Every investor has different criteria for what they're looking for when they consider funding a startup. Truth be told, investors can change their minds from one potential client to the next. While there is no science to attracting the attention of any one investor, there are some key steps you can take to make yourself stand out from the hordes of other business owners seeking capital.

Investors want you to:

  • Be completely honest. Especially if you are facing any business challenges, let investors know that. You don't want to hide anything that could come out later and kill the deal.
  • Do your homework. Shuki Lehavi, the founder and CEO of Gumiyo, recommends that you learn the value an investor brings to the table. That goes beyond just providing capital. They should advise you, expand your network and benefit you in other ways. That's why you should research and contact only those investors who make sense for the type of business that you run or want to build. Look for investors who are located near you geographically, have invested in startup businesses or in businesses similar in size and profitability to yours, or who have a history of investing in businesses within your industry.
  • Know your business. Investors are going to ask you many questions about the state of your industry: projections for the business, your competitors, your target customers and what they can afford, production requirements and costs, how you will market your business, and so much more. You need to know the answers. If you don't, many investors will worry that your business isn't ready for funding. Seek advice from other entrepreneurs who have had great success starting businesses, and ask about challenges you'll face and unexpected issues that might come up. Then develop and hone your business plan until you feel confident that you have all of your bases covered.
  • Commit to the partnership. Throughout the entire "courting" process, you have to show that you can handle feedback and criticism, that you are flexible and that you will adjust your idea for the sake of the business.
  • Explain how you will use their money. Outline what you plan to purchase with the money, and detail how that purchase will benefit your business—and what kind of profit boost you will realize as a result of the investment.
  • Define your competitive advantage. Any investor worth his weight is going to scrutinize how you stand up to current and new competitors in your industry. You must be able to show clearly why your business has a distinct advantage over anyone else in the market and how you can maintain that competitive advantage for years to come. Arve Hanstveit, who has been an early stage investor since the mid-1990s, says that his No. 1 criteria when he considers an investment is whether the product or service is "a game-changer." He wants to see something smarter, cheaper or more efficient than anything that is currently on the market. Be prepared to talk about how your product or services compare to others in the market, and be honest about advantages those products or services have over your own. Investors will do their research and will know what you are up against, so don't exaggerate the benefits of your offerings.

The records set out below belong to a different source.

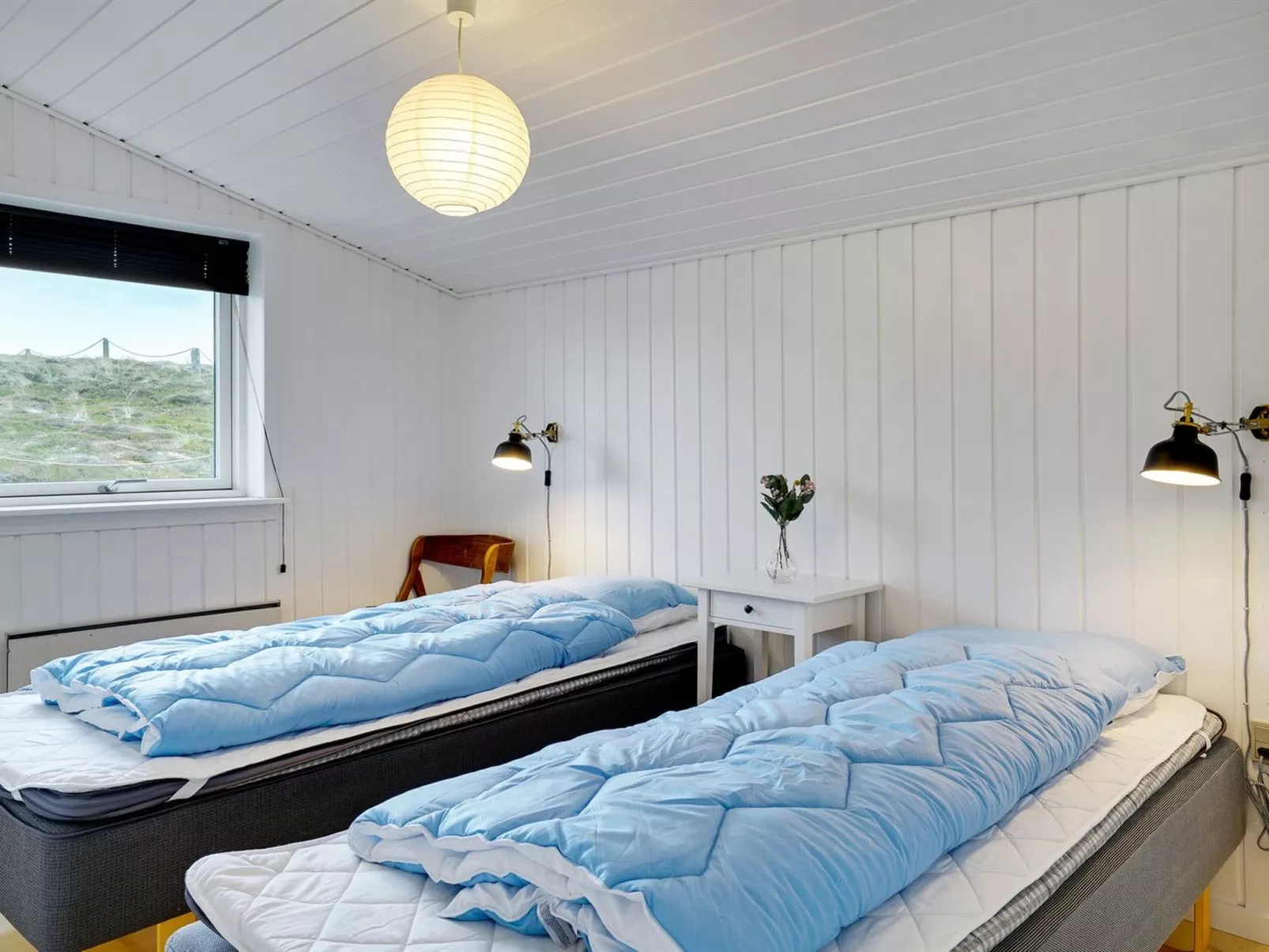 "Martti" -  from the sea-Binnen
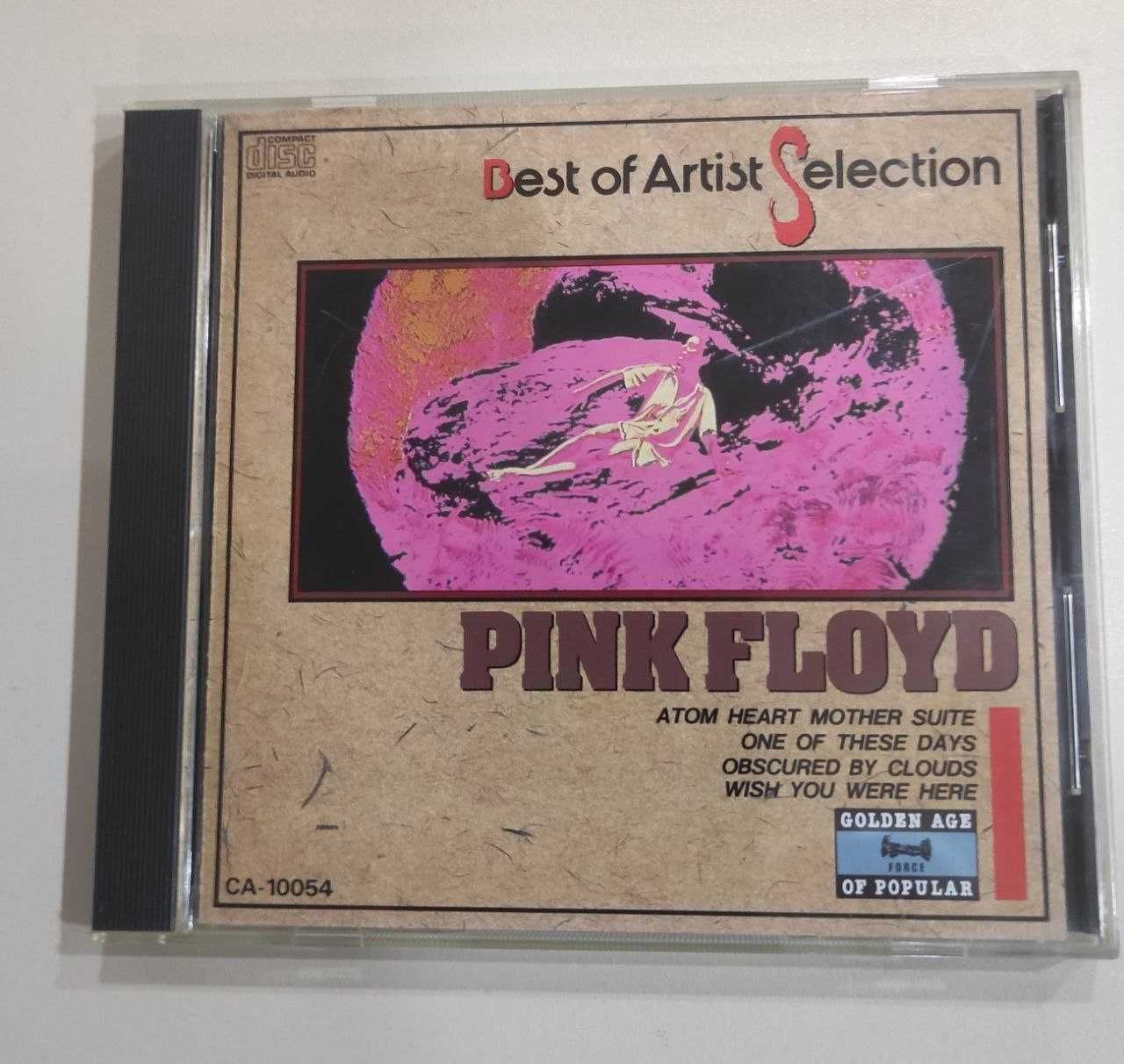 Аудио CD диск Japan. Pink Floyd. или ОБМЕН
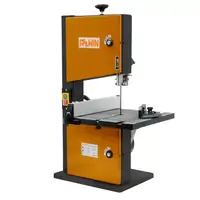 Topmaq 195 mm bench bandsaw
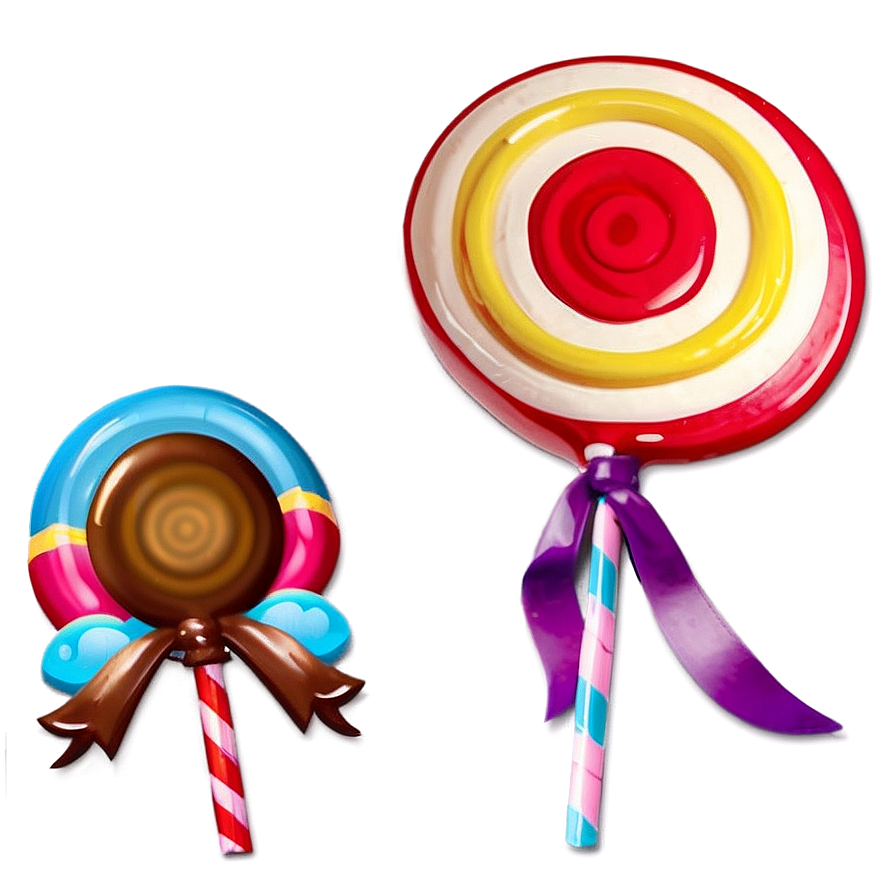 Giant Lollipop Png Rtw PNG Image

  • Prove public support. You might believe that you have the best product in the entire world, but if other people—or rather, customers—don't buy-in to it or purchase it, your product is worthless. Investors want to see evidence that people believe in your product. Bring in a panel of experts to review your product or service, and share their positive insights regarding the value it brings to the market. Or allow a group of customers to test your product and offer reviews that you can share during your investor presentation.
  • Build a strong team. If you are looking for capital to grow your business (rather than to start one), the people you employ can make a difference. Investors want to see a collaborative, hard-working team that brings experience, expertise and skills to the table. Kyle Murphy, a technology CEO and investor, says that his main concern is "the jockey, not the horse." The horse is the business, and it will change regularly. However, the jockey is you and your team, and he needs to feel that you can adapt, reprioritize, stick together and be successful even during challenging times.

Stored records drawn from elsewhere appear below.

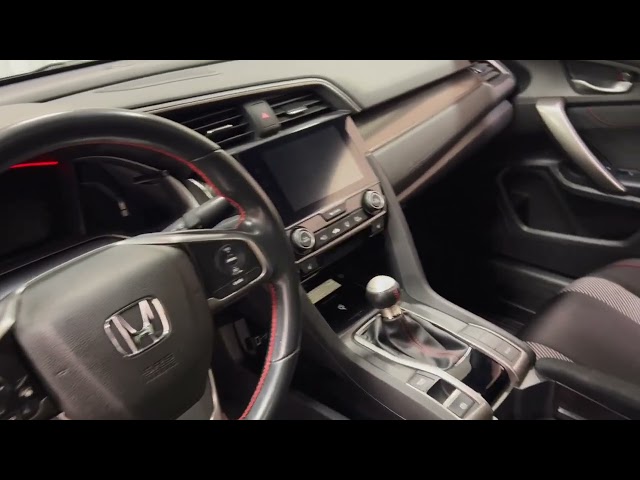 Honda Civic Si 2018 : Vivez l'Excitation in Cars & Trucks in Saguenay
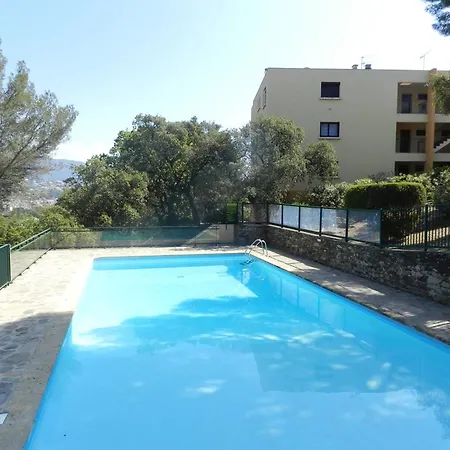 3 Pieces 4 Couchages - Au Calme Avec Piscine Collective, Parking - Fr-1-251-928 *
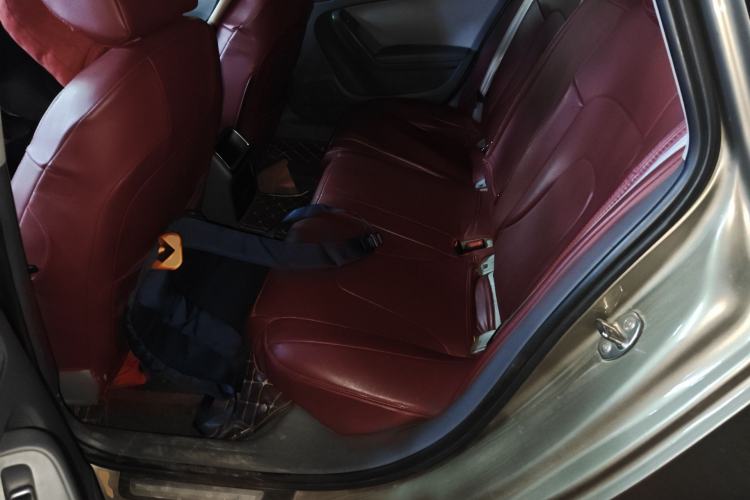 Used Audi A4L 2013 35 TFSI Automatic Comfort Model
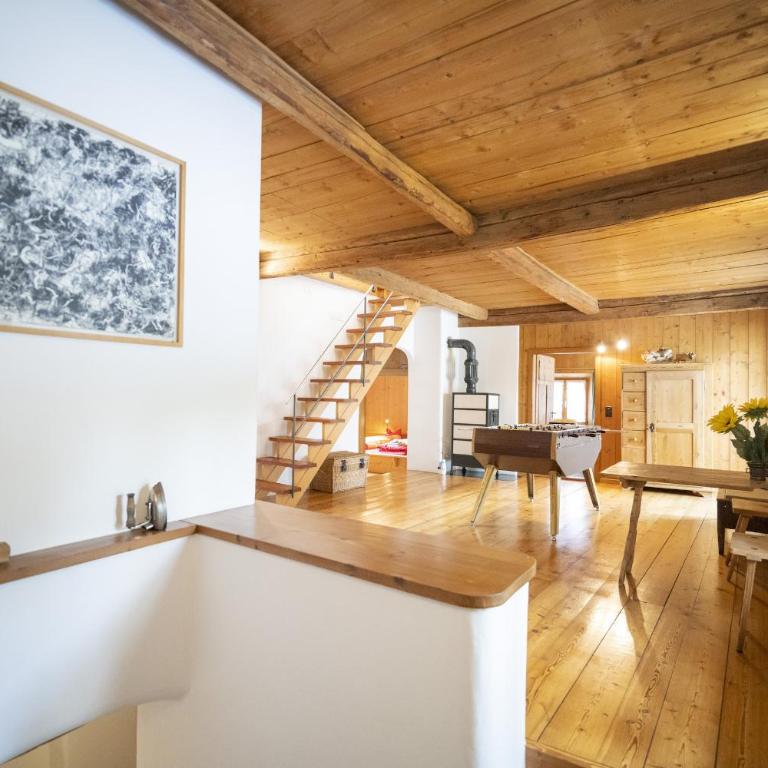 Chasa Riatsch - Apartment - 47
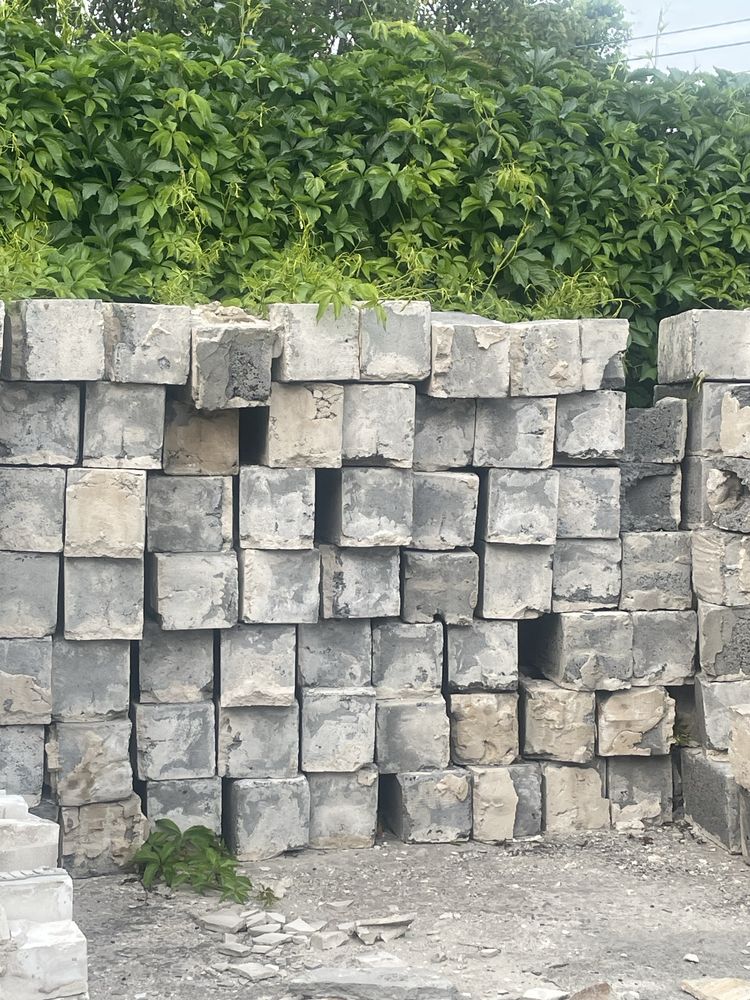 Шлакоблок бетонний
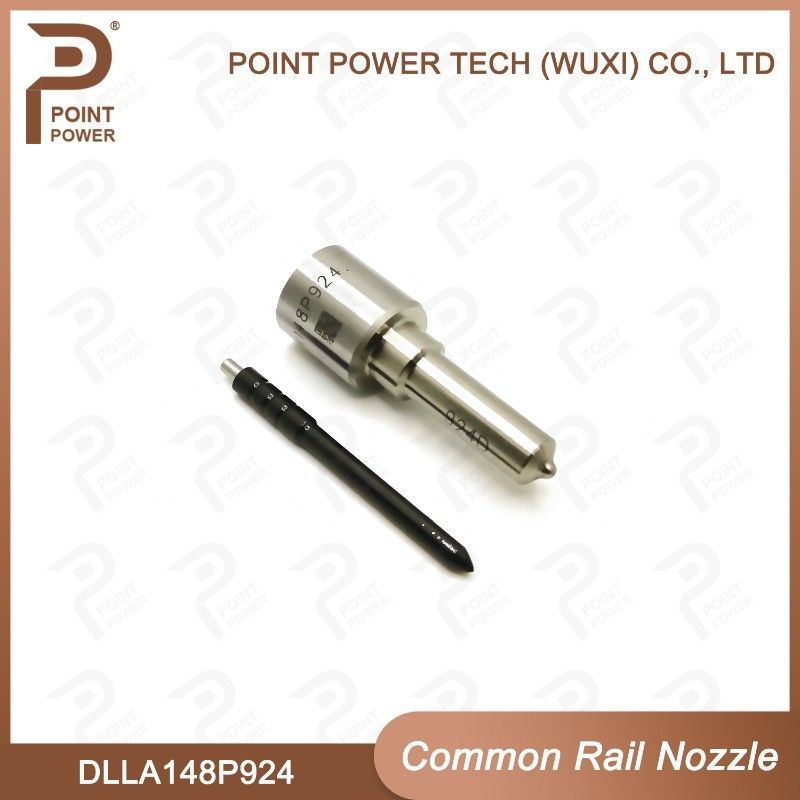 DLLA148P924 DENSO Common Rail Nozzle для инжекторов 095000-613#/ 8-97376270-# Denso Nozzle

  • Possess momentum. Show that you are determined to start your business or take it to the next level—even if you don't receive a penny of the investor's money. That could mean hiring staff, moving forward with developing a prototype or releasing a minimum viable product. You may need to contribute your own money or qualify for other loans to get things rolling before you speak to investors. If you can prove that you can gain traction in the market without an investor's money, you increase your chances of getting funding later.
  • Create a plan for growth. Rick Smith, co-founder of Crosscut Ventures, expects to see a plan for growth. Once the money is allotted to you, what are the next steps to growing your business? Will you build from within? Expand your product line or geographical reach? Or are there other businesses in your market that should be acquired and merged with yours? Are there opportunities to scale your business? Present the long-term big picture for your company.
  • Stay in it for the long haul. Most investors want to see you grow your business. Even if they expect you to start small, they ultimately want you to become big. The bigger you are, the quicker they see a return on their investment. Show that you have the same goals. Don't indicate that you are interested in being bought out, flipping a business or making an early exit once you get the business going. Most investors don't want to risk doing business with someone who is not committed to growing the business for the long term.